Task item
Please repeat every record below exactly as written, but leave out the pictures.

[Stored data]
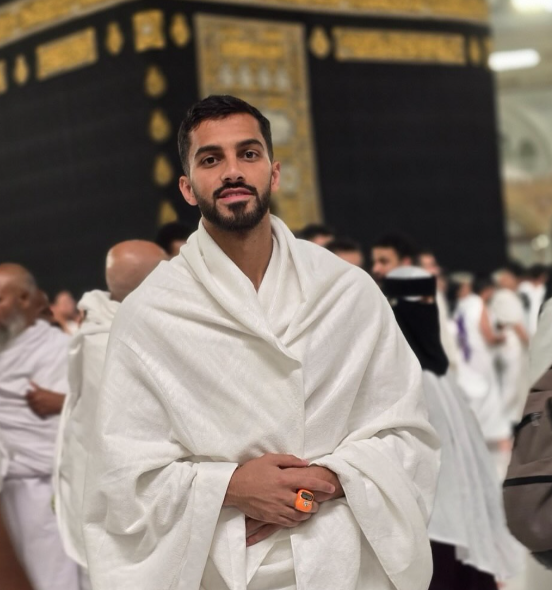 موسى التعمري: الاستغفار سرّ راحتي وتوفيقي داخل الملعب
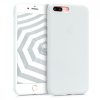 Etui do Apple iPhone 8 Plus / iPhone 7 Plus, Silikon, Biały, 39499.48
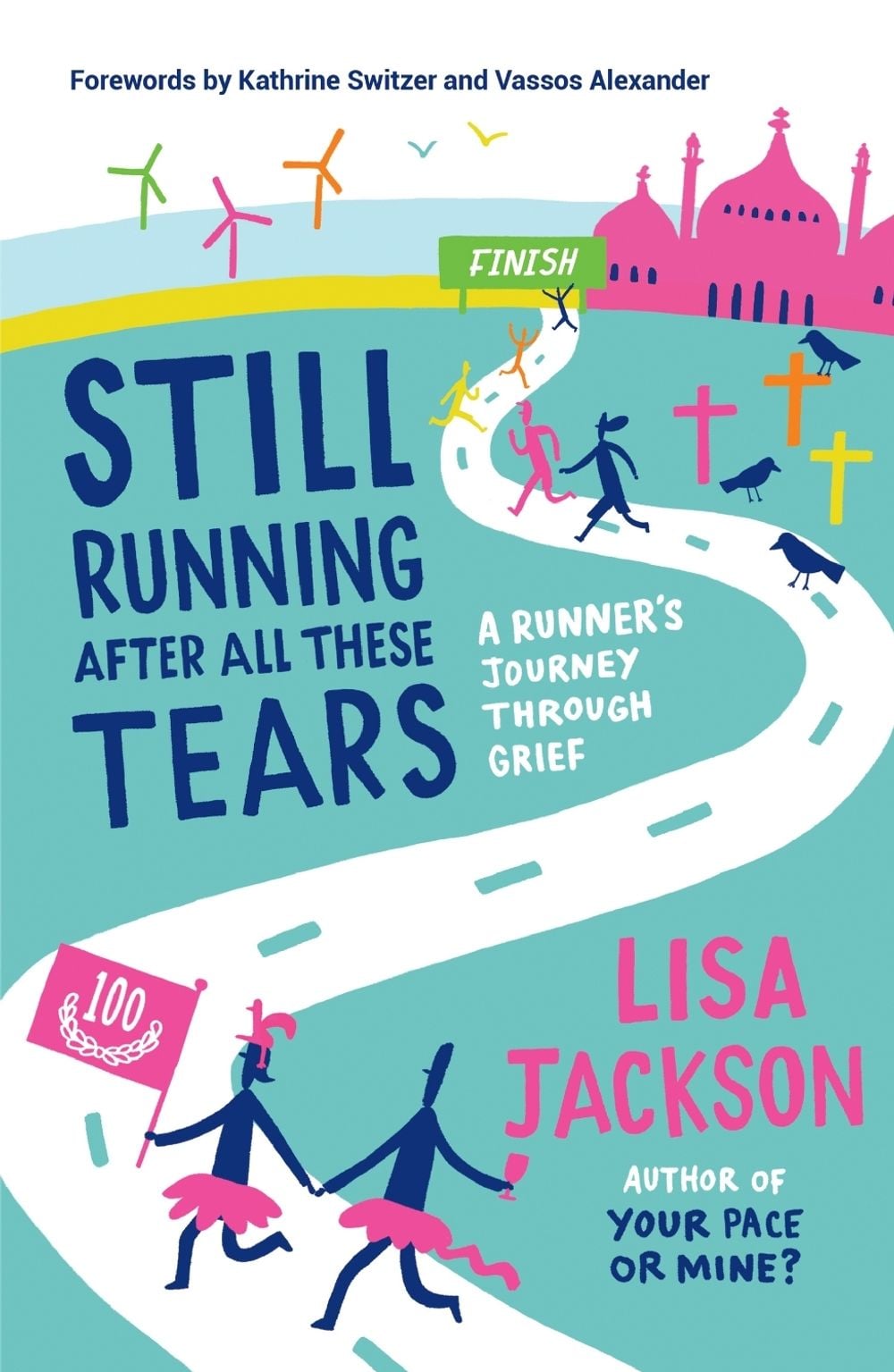 Still Running After All These Tears by Lisa Jackson - ISBN: 9781837997374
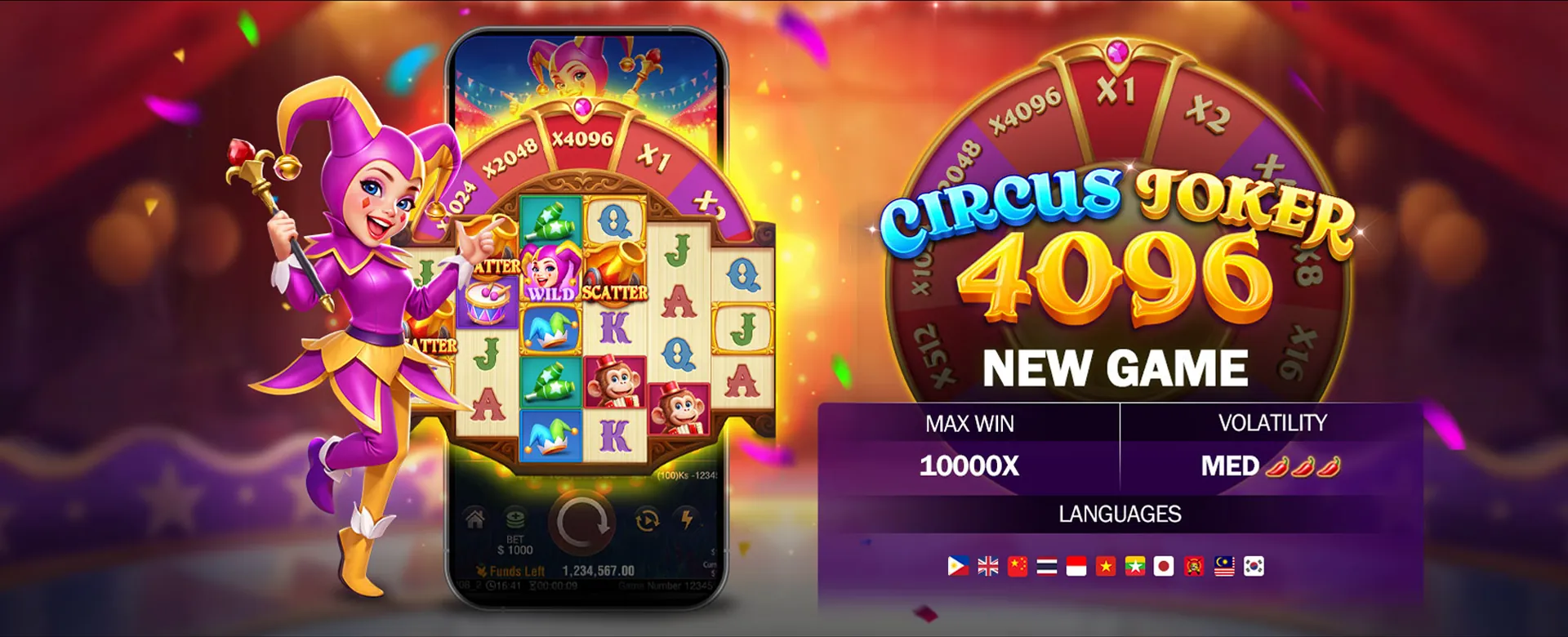 WinPH Slots Collection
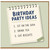Birthday Card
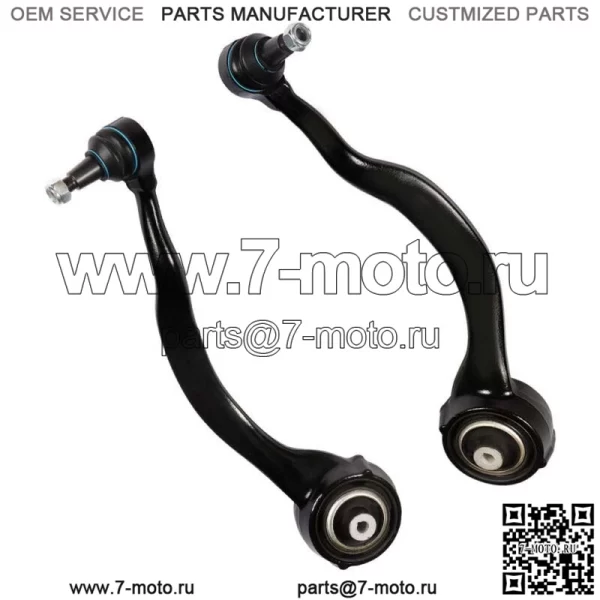 Для Land Rover/Discovery/Range Rover Sport 2 передних нижних передних рычага управления - Image 3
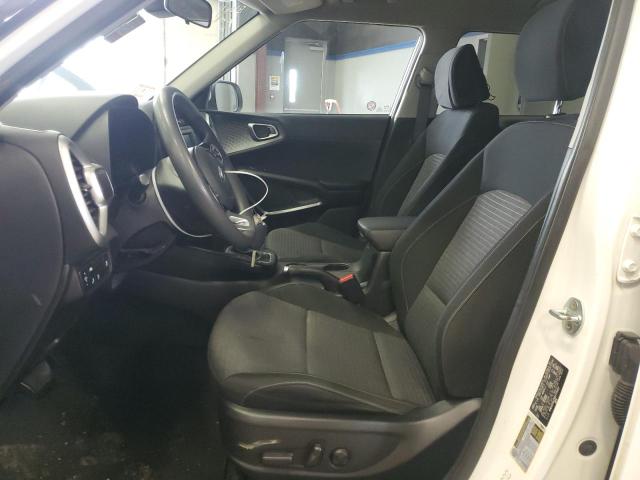 2021 Kia Soul Lx VIN: KNDJ23AU7M7775457 Lot: 51640114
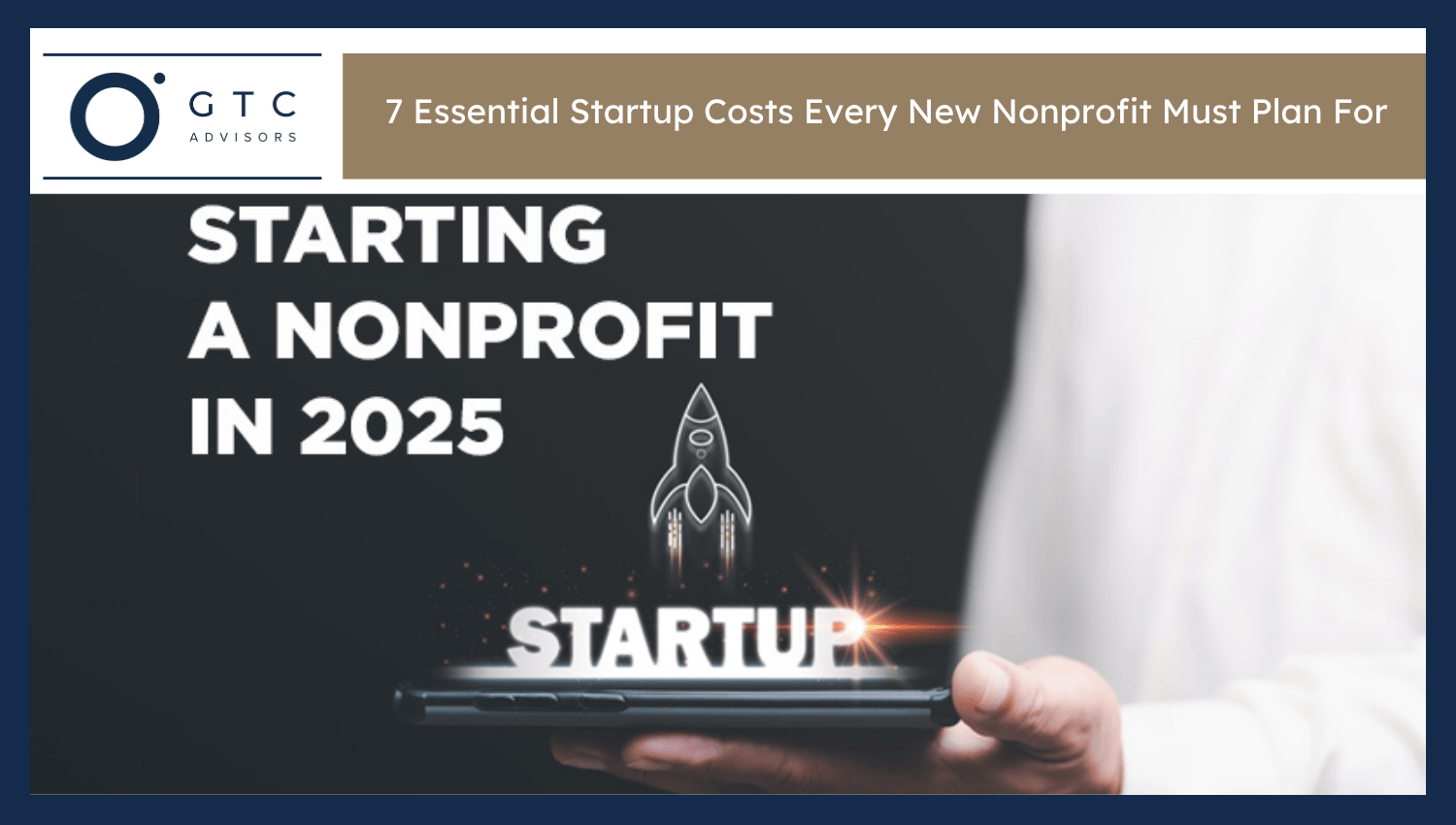 Essential Startup Costs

Completed exercise
 موسى التعمري: الاستغفار سرّ راحتي وتوفيقي داخل الملعب
 Etui do Apple iPhone 8 Plus / iPhone 7 Plus, Silikon, Biały, 39499.48
 Still Running After All These Tears by Lisa Jackson - ISBN: 9781837997374
 WinPH Slots Collection
Birthday Card
 Для Land Rover/Discovery/Range Rover Sport 2 передних нижних передних рычага управления - Image 3
 2021 Kia Soul Lx VIN: KNDJ23AU7M7775457 Lot: 51640114
 Essential Startup Costs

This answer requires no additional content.